§ TASK DESCRIPTION:
Quote verbatim the span of lines that begins the listing below and closes with the line containing "Rarely Available Ground-Floor".

■ ■ ■ ■ ■ ■ ■

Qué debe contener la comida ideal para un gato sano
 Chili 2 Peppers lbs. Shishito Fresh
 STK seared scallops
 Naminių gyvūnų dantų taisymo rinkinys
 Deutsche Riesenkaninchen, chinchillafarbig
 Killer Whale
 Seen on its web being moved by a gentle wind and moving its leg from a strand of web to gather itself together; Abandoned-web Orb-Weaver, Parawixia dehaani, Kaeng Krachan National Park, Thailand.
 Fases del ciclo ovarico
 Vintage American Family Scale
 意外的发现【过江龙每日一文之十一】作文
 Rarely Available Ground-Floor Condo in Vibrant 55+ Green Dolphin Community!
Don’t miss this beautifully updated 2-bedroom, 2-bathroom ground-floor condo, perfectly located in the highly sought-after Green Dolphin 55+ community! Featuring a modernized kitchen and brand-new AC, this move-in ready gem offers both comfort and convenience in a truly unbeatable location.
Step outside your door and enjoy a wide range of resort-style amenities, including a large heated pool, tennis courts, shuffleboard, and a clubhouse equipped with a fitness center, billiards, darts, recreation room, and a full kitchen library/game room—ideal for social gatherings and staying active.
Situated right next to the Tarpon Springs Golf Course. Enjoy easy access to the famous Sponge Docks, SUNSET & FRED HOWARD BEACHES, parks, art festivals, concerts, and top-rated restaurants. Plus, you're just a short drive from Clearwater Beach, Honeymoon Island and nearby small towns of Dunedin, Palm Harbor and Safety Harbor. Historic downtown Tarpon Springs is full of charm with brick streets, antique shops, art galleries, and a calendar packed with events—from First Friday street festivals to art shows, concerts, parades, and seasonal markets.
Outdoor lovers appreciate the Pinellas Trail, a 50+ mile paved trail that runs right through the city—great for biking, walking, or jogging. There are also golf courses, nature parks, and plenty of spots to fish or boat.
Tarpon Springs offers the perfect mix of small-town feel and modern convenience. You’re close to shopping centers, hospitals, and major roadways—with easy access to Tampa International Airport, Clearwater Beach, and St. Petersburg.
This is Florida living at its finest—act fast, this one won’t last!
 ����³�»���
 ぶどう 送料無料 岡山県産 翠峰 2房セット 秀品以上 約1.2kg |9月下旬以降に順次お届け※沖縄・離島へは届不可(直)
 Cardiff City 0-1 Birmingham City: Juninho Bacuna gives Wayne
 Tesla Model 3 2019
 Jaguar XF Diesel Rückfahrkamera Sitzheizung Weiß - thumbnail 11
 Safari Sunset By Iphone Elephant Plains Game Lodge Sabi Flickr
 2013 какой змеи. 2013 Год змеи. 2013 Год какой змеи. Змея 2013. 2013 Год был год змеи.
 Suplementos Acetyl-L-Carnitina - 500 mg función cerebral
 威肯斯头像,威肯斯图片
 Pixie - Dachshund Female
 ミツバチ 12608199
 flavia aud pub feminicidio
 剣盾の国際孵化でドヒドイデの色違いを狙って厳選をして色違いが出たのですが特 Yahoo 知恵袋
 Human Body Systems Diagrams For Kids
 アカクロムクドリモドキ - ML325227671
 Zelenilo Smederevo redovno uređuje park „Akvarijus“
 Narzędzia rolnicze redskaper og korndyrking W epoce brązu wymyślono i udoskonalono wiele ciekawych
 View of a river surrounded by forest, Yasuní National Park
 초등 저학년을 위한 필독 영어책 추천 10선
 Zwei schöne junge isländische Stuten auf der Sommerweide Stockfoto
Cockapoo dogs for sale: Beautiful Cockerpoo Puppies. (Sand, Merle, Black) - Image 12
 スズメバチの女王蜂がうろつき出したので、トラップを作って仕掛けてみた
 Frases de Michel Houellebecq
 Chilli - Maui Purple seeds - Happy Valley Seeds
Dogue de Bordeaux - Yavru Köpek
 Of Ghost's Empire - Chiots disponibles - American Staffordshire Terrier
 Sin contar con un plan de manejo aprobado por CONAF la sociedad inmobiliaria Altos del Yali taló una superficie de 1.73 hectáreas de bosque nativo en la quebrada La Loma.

■ ■ ■ ■ ■ ■ ■

§ RESPONSE TO THIS TASK:
Qué debe contener la comida ideal para un gato sano
 Chili 2 Peppers lbs. Shishito Fresh
 STK seared scallops
 Naminių gyvūnų dantų taisymo rinkinys
 Deutsche Riesenkaninchen, chinchillafarbig
 Killer Whale
 Seen on its web being moved by a gentle wind and moving its leg from a strand of web to gather itself together; Abandoned-web Orb-Weaver, Parawixia dehaani, Kaeng Krachan National Park, Thailand.
 Fases del ciclo ovarico
 Vintage American Family Scale
 意外的发现【过江龙每日一文之十一】作文
 Rarely Available Ground-Floor Condo in Vibrant 55+ Green Dolphin Community!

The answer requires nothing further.